= Tu che le vanità =

Aria by Verdi

The aria 'Tu che le vanità' from the Ricordi 4-act Italian piano-vocal score

"Tu che le vanità" ("Toi qui sus le néant") is an aria for soprano from the first scene of the final act of Verdi's 1867 opera Don Carlo. It was composed to a French text and later translated into Italian, the language in which it is most well known and most often performed. It is sometimes performed in recitals and featured in anthologies for dramatic sopranos. Sopranos also use it as an audition piece, as it displays the singer's high and low registers, forte and pianissimo volumes, legato bel canto singing technique, and several dramatic emotions such as reverence, longing, and resignation.

==Sentiment==

The aria begins with a long, c. 3 minutes, orchestral prelude. Élisabeth de Valois, a young French Princess whom the elderly King Philip II of Spain has married for political reasons, prays at the tomb of the former Emperor King Carlos V. She asks that he weep for her suffering and offer his tears to the Almighty on her behalf. She anticipates the arrival of her stepson and former fiancé Don Carlo, whom she has piously rejected after marrying his father the King in order to strengthen the alliance of their two nations. She prays that Carlos will fulfil his destiny as a great, benevolent ruler of Spain. She recalls her homeland, and her happiness during her short engagement to Carlos. She longs for the peace which she will have in her grave. A performance takes between 10 and 12 minutes.

==Text==
The French libretto to Don Carlos was by Joseph Méry and Camille du Locle. The aria's French incipit is "Toi qui sus le néant". The libretto was translated into Italian by Achille De Lauzières.

Italian
Tu che le vanità conoscesti del mondo
E godi nell'avel il riposo profondo,
Se ancor si piange in cielo, piangi sul mio dolor,
E porta il pianto mio al trono del Signor.

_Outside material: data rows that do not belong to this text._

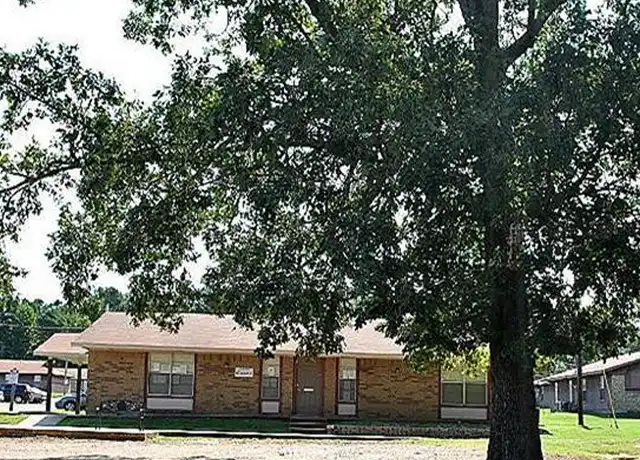 Property at 1300 Courtland Rd, Atlanta, TX, 75551, 2 beds, 1 bath, [object Object]
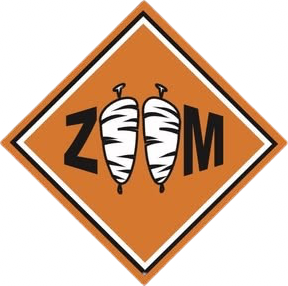 Zoom Döner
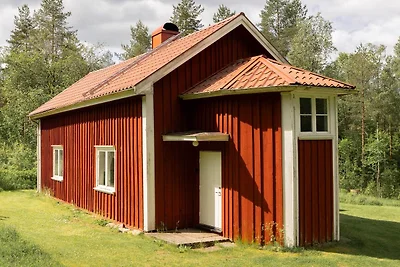 6 persoons vakantie huis in SANDHULT-By Traum
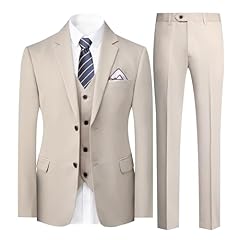 Allthemen mens piece for sale  Delivered anywhere in UK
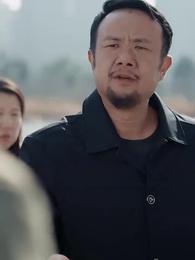 我帶榴蓮回村,成了全村公敵 - Episode 22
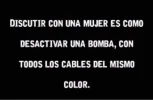 IMG-20221210-WA0018.webp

Carlo qui verrà! Sì, che parta e scordi omai...
A Posa di vegliar sui giorni suoi giurai.
Ei segua il suo destin, la gloria il traccierà.
Per me, la mia giornata a sera è giunta già!

Francia, nobile suol, sì caro ai miei verd'anni!
Fontainebleau! Ver voi schiude il pensiero i vanni.
Eterno giuro d'amor, là Dio da me ascoltò,
E quest'eternità un giorno sol durò.

Tra voi, vaghi giardin di questa terra ibéra,
Se Carlo ancor dovrà fermare i passi a sera,
Che le zolle, i ruscelli, i fonti, i boschi, i fior,
Con le loro armonie cantino il nostro amor.

Addio, bei sogni d'ôr, illusion perduta!
Il nodo si spezzò, la luce è fatta muta!
Addio, verd'anni, ancor! Cedendo al duol crudel,
Il core ha un sol desir: la pace dell'avel!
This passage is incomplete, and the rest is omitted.